Data for this exercise -
==========

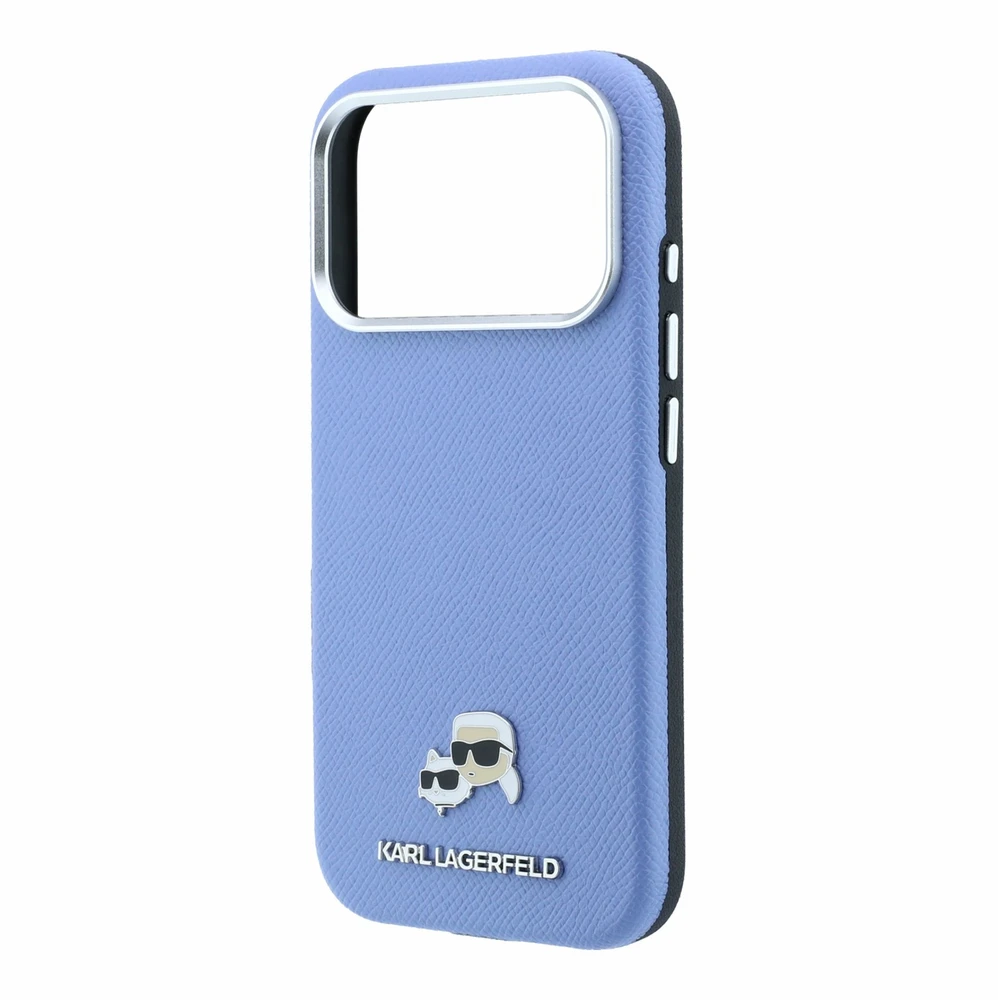 Dėklas Karl Lagerfeld PU Grained Semi Wrap K&CH Heads Magsafe Case for iPhone 18 Pro Max Mėlyna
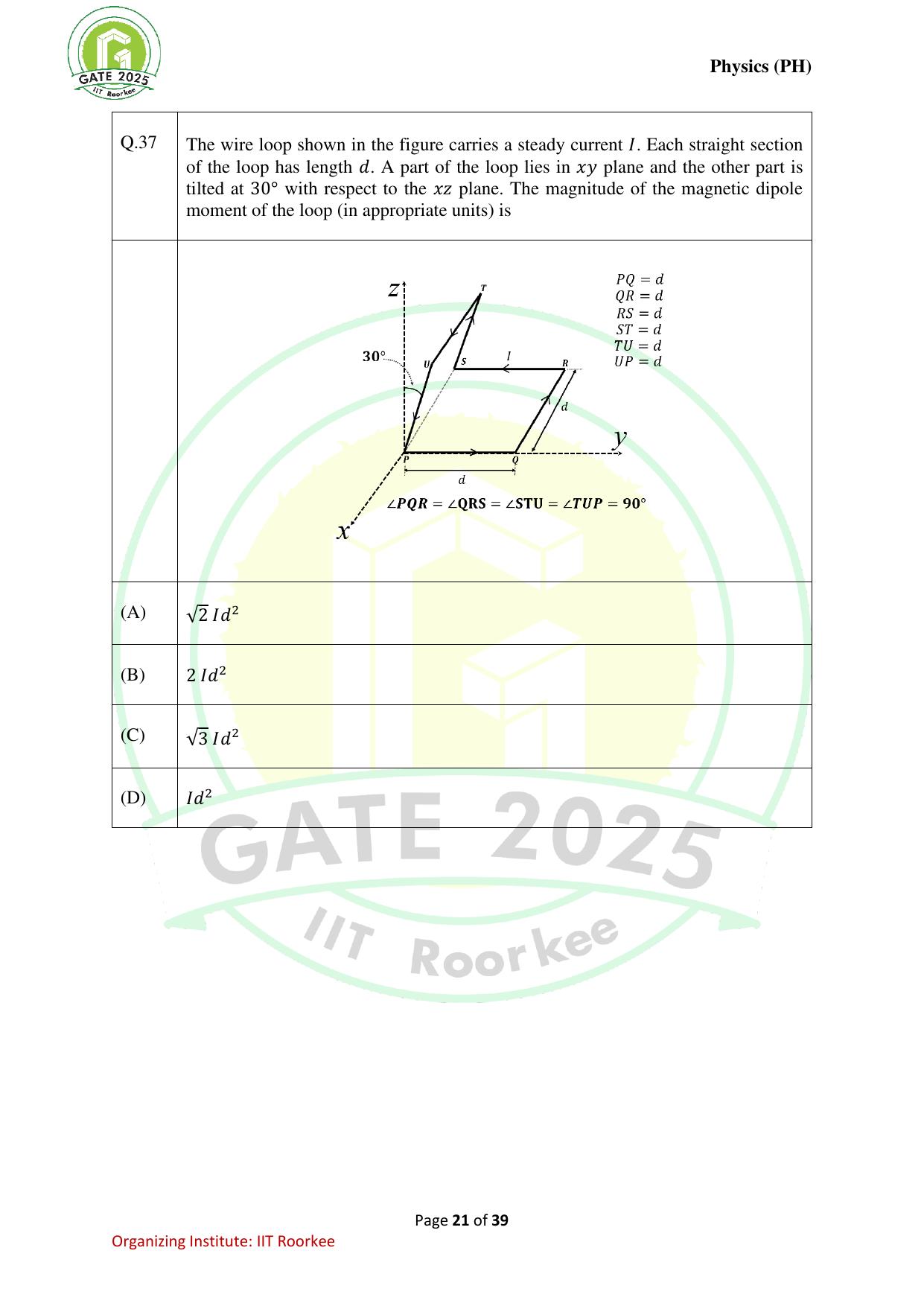 GATE 2025 Physics (PH) Question Paper - Page 21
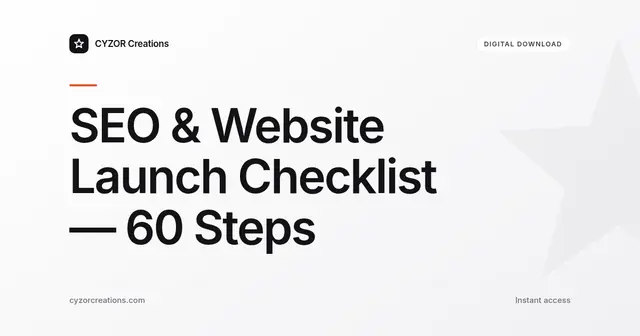 SEO & Website Launch Checklist — 60 Steps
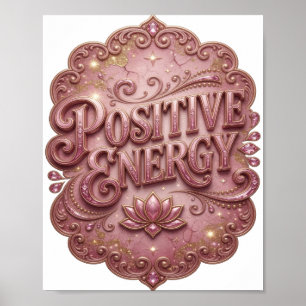 Poster Arte de Texto 3D de Rosa Fresco ENERGIA POSITIVA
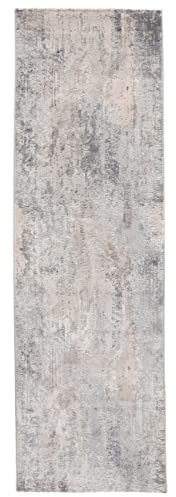 RugVista, Ritz, Teppich, Mittelflor Teppich, 80 x 350 cm, Läufer, Modern, Oeko-Tex Standard 100, Polyester, Flur, Schlafzimmer, Küche, Wohnzimmer, Hellgrau/Beige, Off White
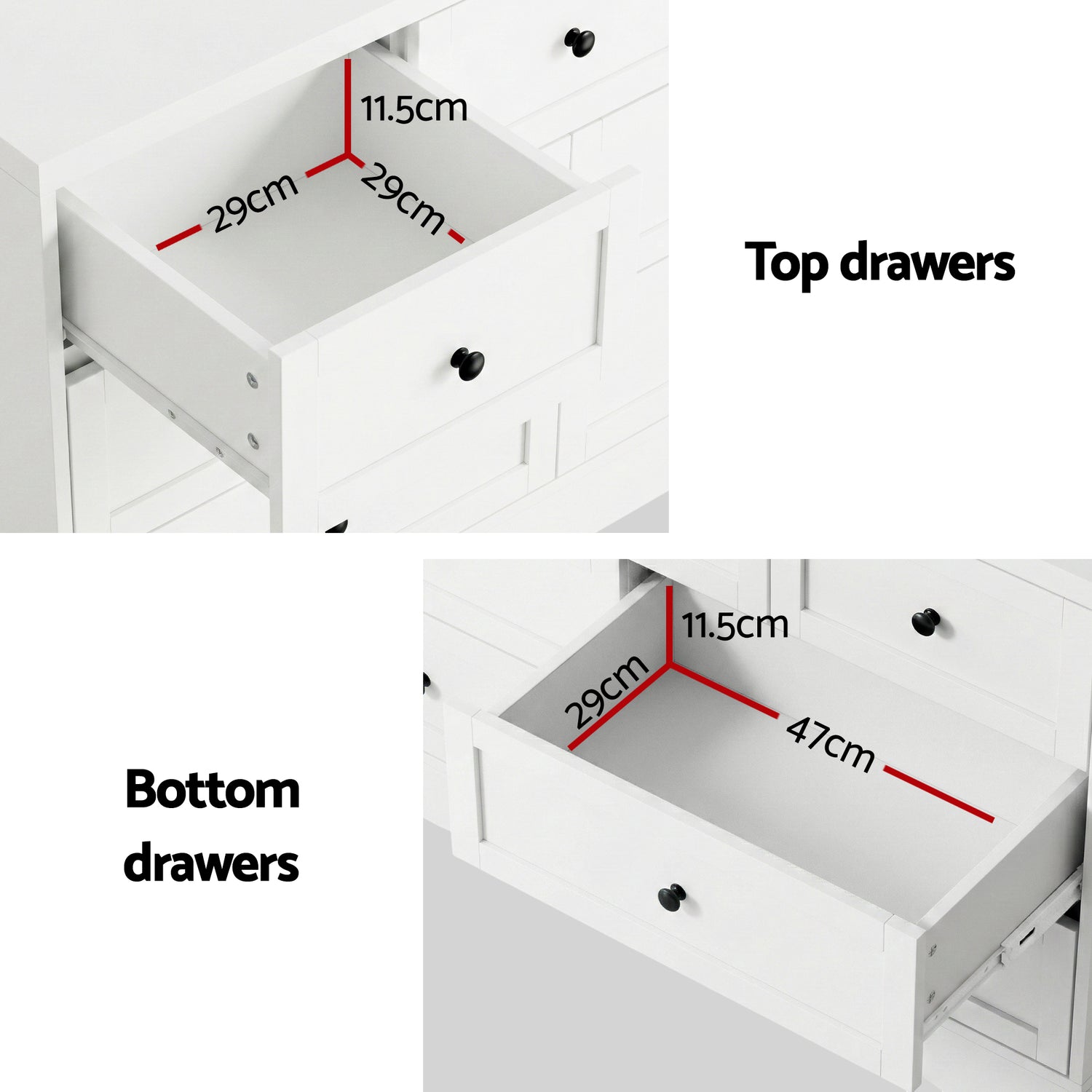 Artiss 7 Chest of Drawers Dresser Table White-Furniture > Bedroom > Dressers-PEROZ Accessories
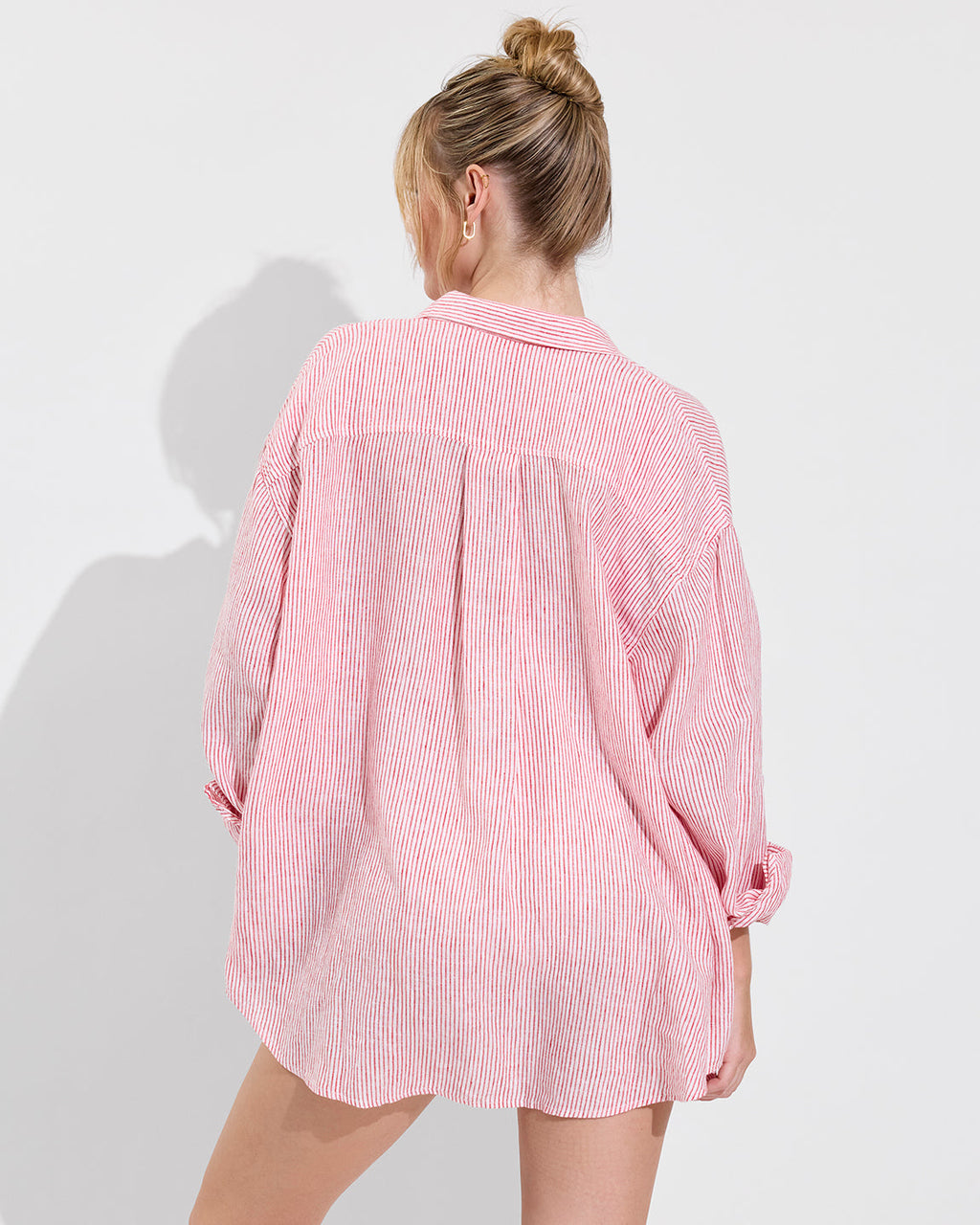 Getaway Button Down - Coastal Stripe: Sweet Chili Heat / Coconut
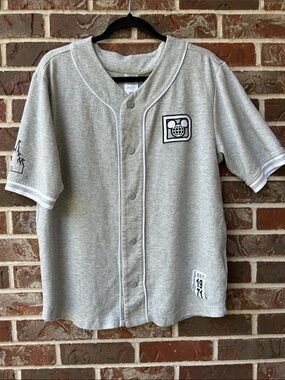 Disney Parks Grey Button-Front Women's Baseball Shirt
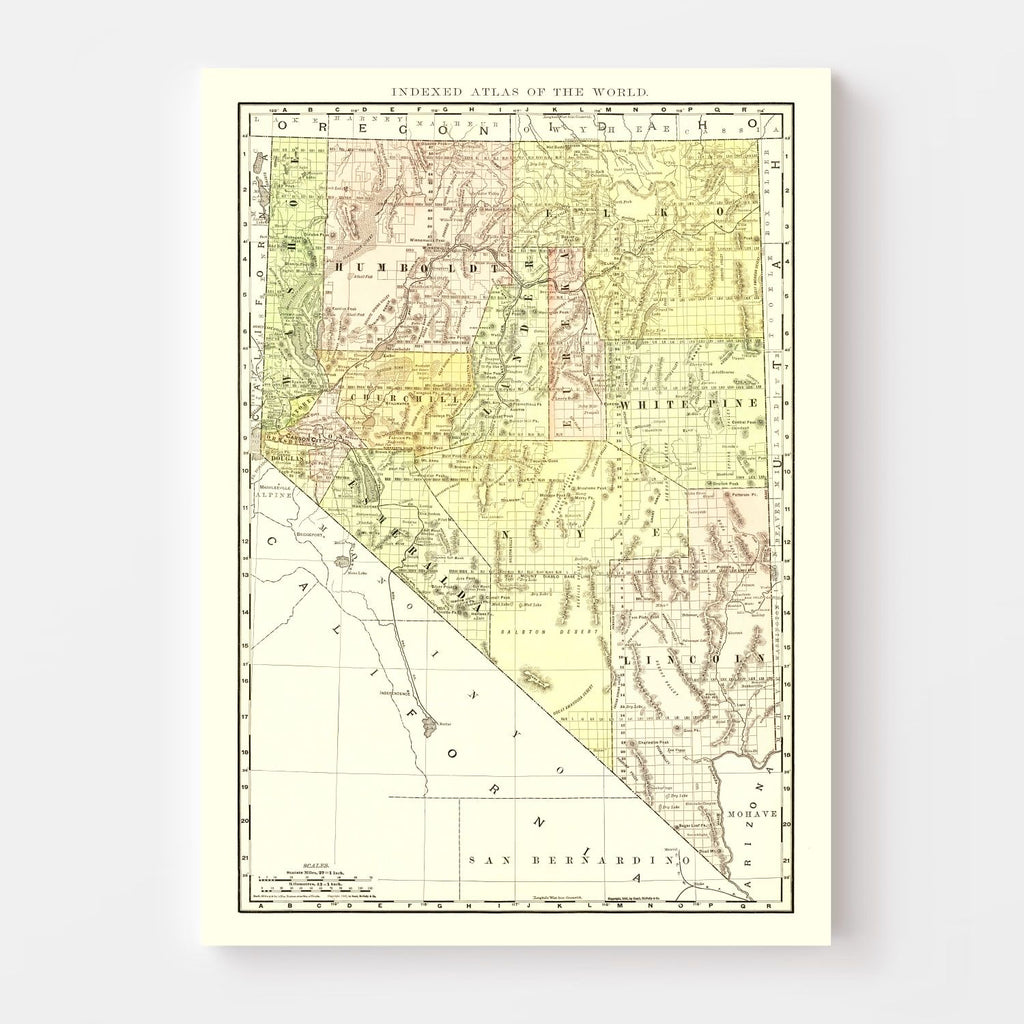 Vintage Map of Nevada 1902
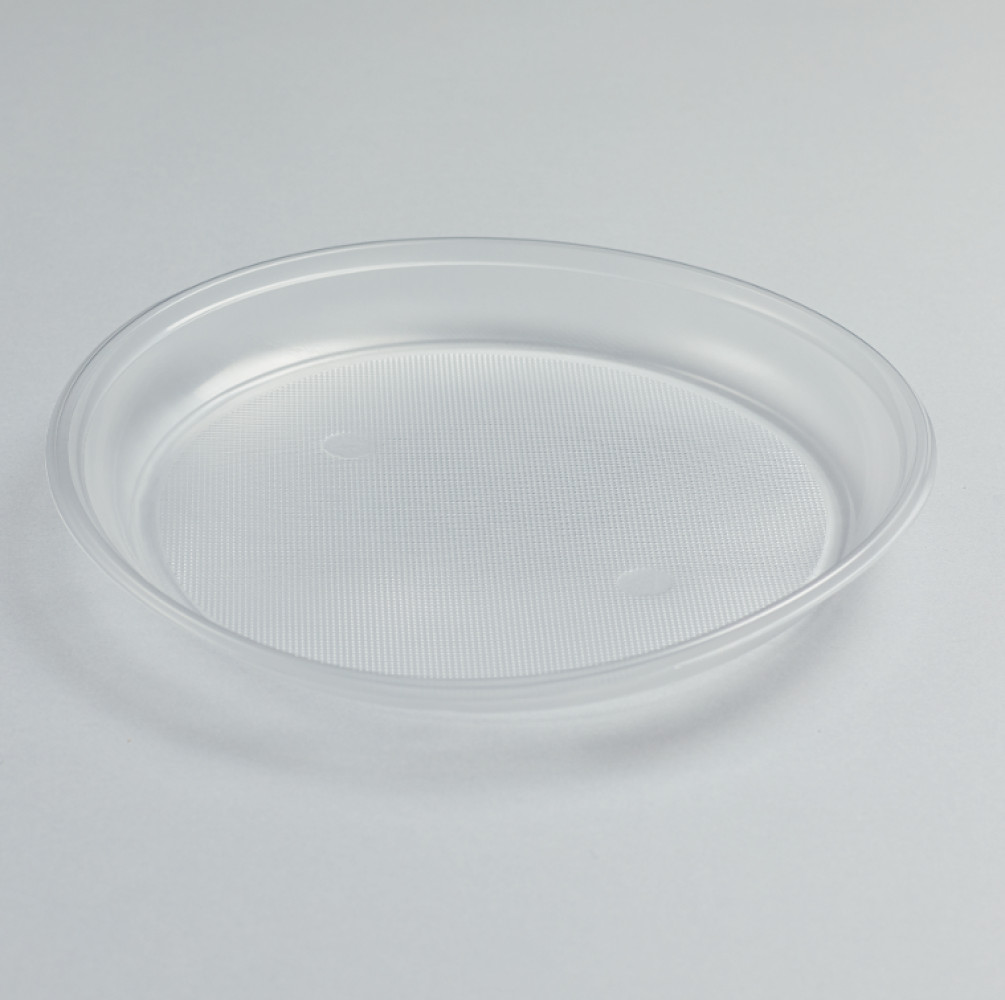 Тарелка столовая пластиковая круглая прозрачная 205 мм 50 шт/уп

==========

Repeat every record above exactly, but drop the pictures.

Written response -
 Dėklas Karl Lagerfeld PU Grained Semi Wrap K&CH Heads Magsafe Case for iPhone 18 Pro Max Mėlyna
 GATE 2025 Physics (PH) Question Paper - Page 21
 SEO & Website Launch Checklist — 60 Steps
 Poster Arte de Texto 3D de Rosa Fresco ENERGIA POSITIVA
 RugVista, Ritz, Teppich, Mittelflor Teppich, 80 x 350 cm, Läufer, Modern, Oeko-Tex Standard 100, Polyester, Flur, Schlafzimmer, Küche, Wohnzimmer, Hellgrau/Beige, Off White
 Artiss 7 Chest of Drawers Dresser Table White-Furniture > Bedroom > Dressers-PEROZ Accessories
 Getaway Button Down - Coastal Stripe: Sweet Chili Heat / Coconut
 Disney Parks Grey Button-Front Women's Baseball Shirt
 Vintage Map of Nevada 1902
 Тарелка столовая пластиковая круглая прозрачная 205 мм 50 шт/уп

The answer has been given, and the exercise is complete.